Allen, on being created a cardinal, continued for a time to govern the seminary, but during his absence in Rome dissensions arose, and it became necessary for him to appoint a resident superior. Accordingly, by an instrument dated Rome, 31 October 1588, after mentioning that various 'complaints had been made to him of scandals which had arisen among its members, and defects against the college discipline', he nominated Dr. Barret to be president of the college. This appointment, which is said to have been due to the influence of the Jesuits, was by no means a fortunate one, as the new president was far more fit to fill a subordinate post than that of superior.
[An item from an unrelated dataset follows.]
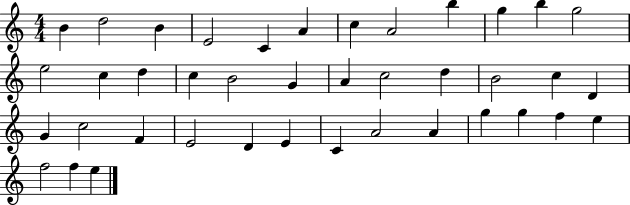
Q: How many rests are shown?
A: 0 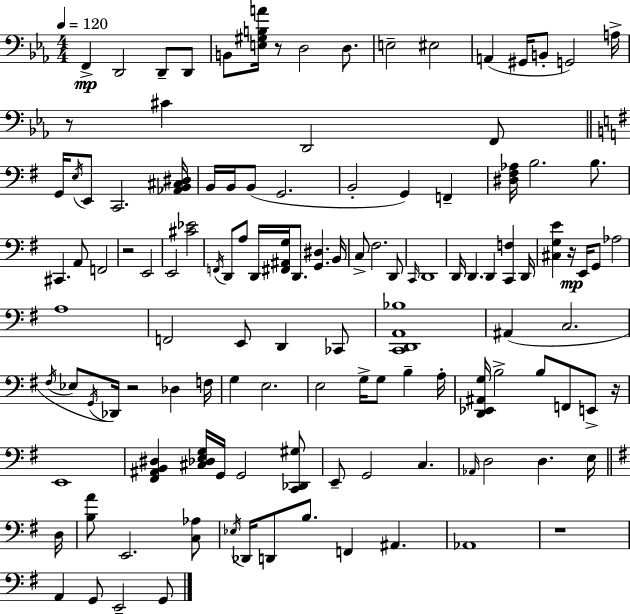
F2/q D2/h D2/e D2/e B2/e [E3,G#3,B3,A4]/s R/e D3/h D3/e. E3/h EIS3/h A2/q G#2/s B2/e G2/h A3/s R/e C#4/q D2/h F2/e G2/s E3/s E2/e C2/h. [Ab2,B2,C#3,D#3]/s B2/s B2/s B2/e G2/h. B2/h G2/q F2/q [D#3,F#3,Ab3]/s B3/h. B3/e. C#2/q. A2/e F2/h R/h E2/h E2/h [C#4,Eb4]/h F2/s D2/e A3/e D2/s [F#2,A#2,G3]/s D2/e. [G2,D#3]/q. B2/s C3/e F#3/h. D2/e C2/s D2/w D2/s D2/q. D2/q [C2,F3]/q D2/s [C#3,G3,E4]/q R/s E2/s G2/e Ab3/h A3/w F2/h E2/e D2/q CES2/e [C2,D2,A2,Bb3]/w A#2/q C3/h. F#3/s Eb3/e G2/s Db2/s R/h Db3/q F3/s G3/q E3/h. E3/h G3/s G3/e B3/q A3/s [D2,Eb2,A#2,G3]/s B3/h B3/e F2/e E2/e R/s E2/w [F#2,A#2,B2,D#3]/q [C#3,Db3,E3,G3]/s G2/s G2/h [C2,Db2,G#3]/e E2/e G2/h C3/q. Ab2/s D3/h D3/q. E3/s D3/s [B3,A4]/e E2/h. [C3,Ab3]/e Eb3/s Db2/s D2/e B3/e. F2/q A#2/q. Ab2/w R/w A2/q G2/e E2/h G2/e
Nicholas Fitzherbert, who knew him personally, says that 'he was an excellent man, of great learning and piety, who had lived some years at Rome, and for a long time at Rheims under Allen's government, but he was naturally a little too severe and hot-tempered. This impetuosity, till then latent, showed itself more freely when he was raised to command, ... and he thereby gave offence to many of the scholars, and roused such commotions that Allen was hardly able by many letters, reproofs, and punishments, to restore peace'. In consequence of political troubles it was resolved to return to Douay, where the college still retained possession of the house and garden in which the work had originally begun. During the course of that year some of the students were sent to England, others to Rome, others to Spain; but the greater part of them migrated to Douay. On 23 June 1593 Dr. Barret left Rheims for Douay, where he continued to govern the college till his death on 30 May 1599. His successor was Dr. Thomas Worthington.